Uncertainty over the composition of formation water made the decision to inject normal seawater or low-sulfate seawater into the reservoir for pressure support a challenge. Water compositions in samples obtained from appraisal wells were unusual for the Norwegian North Sea, being sulfate-rich with negligible barium. This was suspected to be an artifact of drilling-fluid contamination, and corrections were applied to obtain representative estimates. These estimates confirmed that the formation waters had variable salinity (21–48 g/L chloride), and were indeed sulfate-rich (94–746 mg/L) and barium-depleted (< 6 mg/L). The compositions may reflect (a) mixing of formation waters across the field over geological time and/or (b) interactions with the underlying Zechstein group (anhydrite). The focus here is on issue (b) because a detailed evaluation of local/regional aquifer movements in geological time, communication patterns, and flow restrictions is beyond the scope of this paper.
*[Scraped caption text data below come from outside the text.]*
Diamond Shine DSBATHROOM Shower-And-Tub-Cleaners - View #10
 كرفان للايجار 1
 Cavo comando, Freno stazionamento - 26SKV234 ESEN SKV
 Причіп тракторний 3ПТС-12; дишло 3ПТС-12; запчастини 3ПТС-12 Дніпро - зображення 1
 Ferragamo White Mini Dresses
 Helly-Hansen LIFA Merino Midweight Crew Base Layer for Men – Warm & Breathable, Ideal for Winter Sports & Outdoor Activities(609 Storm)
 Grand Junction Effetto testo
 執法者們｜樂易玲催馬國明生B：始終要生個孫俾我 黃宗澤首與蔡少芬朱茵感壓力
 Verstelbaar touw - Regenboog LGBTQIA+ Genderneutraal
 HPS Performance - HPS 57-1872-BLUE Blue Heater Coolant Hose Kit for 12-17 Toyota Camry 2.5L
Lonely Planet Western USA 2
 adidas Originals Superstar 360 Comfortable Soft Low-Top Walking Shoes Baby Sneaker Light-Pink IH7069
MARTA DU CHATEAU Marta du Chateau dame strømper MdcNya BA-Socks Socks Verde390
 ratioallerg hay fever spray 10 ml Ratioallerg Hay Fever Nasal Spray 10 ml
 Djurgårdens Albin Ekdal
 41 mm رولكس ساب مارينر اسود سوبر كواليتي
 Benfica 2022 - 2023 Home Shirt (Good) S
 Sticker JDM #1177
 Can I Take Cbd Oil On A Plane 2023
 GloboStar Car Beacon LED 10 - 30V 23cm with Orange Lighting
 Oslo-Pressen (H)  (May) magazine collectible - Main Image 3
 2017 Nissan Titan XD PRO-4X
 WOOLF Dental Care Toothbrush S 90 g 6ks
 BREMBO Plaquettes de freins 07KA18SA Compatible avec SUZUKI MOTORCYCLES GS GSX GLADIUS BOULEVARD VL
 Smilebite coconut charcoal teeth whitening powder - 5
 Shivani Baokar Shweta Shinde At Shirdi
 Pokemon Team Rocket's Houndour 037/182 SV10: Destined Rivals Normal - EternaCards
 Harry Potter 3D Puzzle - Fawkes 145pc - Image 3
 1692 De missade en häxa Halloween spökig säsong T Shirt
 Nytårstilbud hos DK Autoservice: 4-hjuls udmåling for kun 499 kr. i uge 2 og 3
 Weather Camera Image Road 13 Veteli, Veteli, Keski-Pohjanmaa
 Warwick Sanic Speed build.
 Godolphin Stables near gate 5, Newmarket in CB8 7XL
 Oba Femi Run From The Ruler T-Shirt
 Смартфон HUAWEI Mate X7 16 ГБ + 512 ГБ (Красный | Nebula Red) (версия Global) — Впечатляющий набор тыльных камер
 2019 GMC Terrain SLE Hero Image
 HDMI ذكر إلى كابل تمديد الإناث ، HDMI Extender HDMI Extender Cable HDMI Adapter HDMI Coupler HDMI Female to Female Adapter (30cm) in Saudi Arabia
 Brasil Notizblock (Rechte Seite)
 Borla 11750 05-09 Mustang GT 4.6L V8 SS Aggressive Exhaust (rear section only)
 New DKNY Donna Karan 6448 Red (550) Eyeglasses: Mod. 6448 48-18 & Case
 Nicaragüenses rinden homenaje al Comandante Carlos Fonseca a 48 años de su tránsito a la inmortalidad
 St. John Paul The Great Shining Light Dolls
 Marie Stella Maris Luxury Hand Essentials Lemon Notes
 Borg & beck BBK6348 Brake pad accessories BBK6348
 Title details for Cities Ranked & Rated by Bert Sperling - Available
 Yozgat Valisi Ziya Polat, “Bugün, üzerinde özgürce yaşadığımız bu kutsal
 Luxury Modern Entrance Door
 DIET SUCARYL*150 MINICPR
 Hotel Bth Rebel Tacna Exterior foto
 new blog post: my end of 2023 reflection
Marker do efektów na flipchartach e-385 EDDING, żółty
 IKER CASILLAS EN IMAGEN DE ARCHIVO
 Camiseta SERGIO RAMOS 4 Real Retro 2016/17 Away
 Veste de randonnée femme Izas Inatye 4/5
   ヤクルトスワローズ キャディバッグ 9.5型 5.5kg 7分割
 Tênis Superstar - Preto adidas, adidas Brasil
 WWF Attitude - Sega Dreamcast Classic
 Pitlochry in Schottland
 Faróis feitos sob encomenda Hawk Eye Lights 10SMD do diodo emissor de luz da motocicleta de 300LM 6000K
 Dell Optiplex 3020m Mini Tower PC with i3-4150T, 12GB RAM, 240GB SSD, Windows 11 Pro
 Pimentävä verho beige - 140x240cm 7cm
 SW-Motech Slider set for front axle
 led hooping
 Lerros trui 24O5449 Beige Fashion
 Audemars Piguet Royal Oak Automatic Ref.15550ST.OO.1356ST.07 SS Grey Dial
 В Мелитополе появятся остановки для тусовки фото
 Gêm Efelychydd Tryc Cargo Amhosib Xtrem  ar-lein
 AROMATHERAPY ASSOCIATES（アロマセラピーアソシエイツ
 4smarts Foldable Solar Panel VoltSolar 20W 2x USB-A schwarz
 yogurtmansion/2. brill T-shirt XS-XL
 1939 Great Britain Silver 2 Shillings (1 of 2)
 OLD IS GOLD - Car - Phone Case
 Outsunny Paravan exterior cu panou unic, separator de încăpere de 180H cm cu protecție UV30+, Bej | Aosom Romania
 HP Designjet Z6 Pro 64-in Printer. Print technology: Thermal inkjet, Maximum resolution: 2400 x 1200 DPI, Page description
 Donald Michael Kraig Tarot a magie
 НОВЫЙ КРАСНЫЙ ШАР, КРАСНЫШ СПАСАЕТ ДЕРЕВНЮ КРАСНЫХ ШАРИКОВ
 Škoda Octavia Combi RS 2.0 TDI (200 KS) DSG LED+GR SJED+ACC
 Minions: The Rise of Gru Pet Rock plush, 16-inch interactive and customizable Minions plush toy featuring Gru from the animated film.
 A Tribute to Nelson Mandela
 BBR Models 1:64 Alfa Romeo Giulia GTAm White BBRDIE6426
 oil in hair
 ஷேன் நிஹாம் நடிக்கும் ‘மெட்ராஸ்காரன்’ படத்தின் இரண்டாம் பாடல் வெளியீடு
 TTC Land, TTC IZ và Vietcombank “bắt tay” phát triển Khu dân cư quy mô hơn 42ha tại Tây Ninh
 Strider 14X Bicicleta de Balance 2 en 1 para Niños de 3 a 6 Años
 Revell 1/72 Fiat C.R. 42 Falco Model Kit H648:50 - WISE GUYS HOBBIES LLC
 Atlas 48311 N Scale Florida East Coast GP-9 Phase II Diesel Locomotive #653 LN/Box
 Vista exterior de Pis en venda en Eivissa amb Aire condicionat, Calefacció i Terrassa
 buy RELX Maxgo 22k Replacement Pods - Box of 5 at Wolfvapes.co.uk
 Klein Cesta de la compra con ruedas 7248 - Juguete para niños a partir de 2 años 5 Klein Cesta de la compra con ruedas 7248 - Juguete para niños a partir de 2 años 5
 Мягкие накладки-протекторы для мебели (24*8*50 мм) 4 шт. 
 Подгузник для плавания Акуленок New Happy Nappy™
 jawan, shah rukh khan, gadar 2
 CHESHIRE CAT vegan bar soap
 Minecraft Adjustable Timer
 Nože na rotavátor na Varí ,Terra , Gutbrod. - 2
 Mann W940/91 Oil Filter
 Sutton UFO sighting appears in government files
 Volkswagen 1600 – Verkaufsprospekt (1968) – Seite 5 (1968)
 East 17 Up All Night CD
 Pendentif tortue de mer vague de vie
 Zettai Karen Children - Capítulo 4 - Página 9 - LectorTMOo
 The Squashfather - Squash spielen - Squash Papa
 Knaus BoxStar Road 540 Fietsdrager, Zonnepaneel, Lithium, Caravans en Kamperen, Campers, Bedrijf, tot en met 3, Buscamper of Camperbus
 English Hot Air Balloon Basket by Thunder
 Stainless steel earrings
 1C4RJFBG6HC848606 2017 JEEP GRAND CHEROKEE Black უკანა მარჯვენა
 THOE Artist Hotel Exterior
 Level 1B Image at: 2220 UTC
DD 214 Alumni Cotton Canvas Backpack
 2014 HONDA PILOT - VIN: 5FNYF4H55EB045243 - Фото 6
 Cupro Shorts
Three appraisal wells in the Geitungen Terrace showed barium-rich formation water outside the main reservoir area where no underlying Zechstein group was present. Initially, there were concerns about the scaling risks associated with mixing sulfate- and barium-rich formation waters. However, present geological understanding indicates insignificant aquifer volumes with barium, implying that full-field development and scale strategy do not need to consider barium-rich water.
Scale predictions were performed for various strategies: formation-water production, seawater injection, produced-water reinjection, and low-salinity/low-sulfate-water injection. Moderate strontium sulfate (SrSO4) and calcium carbonate (CaCO3) scalings are expected in the production wells. If third-party barium-rich waters are tied in, the topside barium sulfate (BaSO4) scaling risk increases.
This work has shown
Careful evaluation of formation-water samples/analyses reduces uncertainties associated with water compositions and increases confidence in results and decisions. Underlying geology can influence formation-water compositions. Good-quality water sampling is important for later-phase field development and scale management.
The implications for field development are
Seawater will be injected into the reservoir for pressure support, with no need for a sulfate-removal plant. Produced-water reinjection will gradually replace seawater to minimize environmental impact. Downhole scale-inhibitor injection has been recommended to protect the upper completion.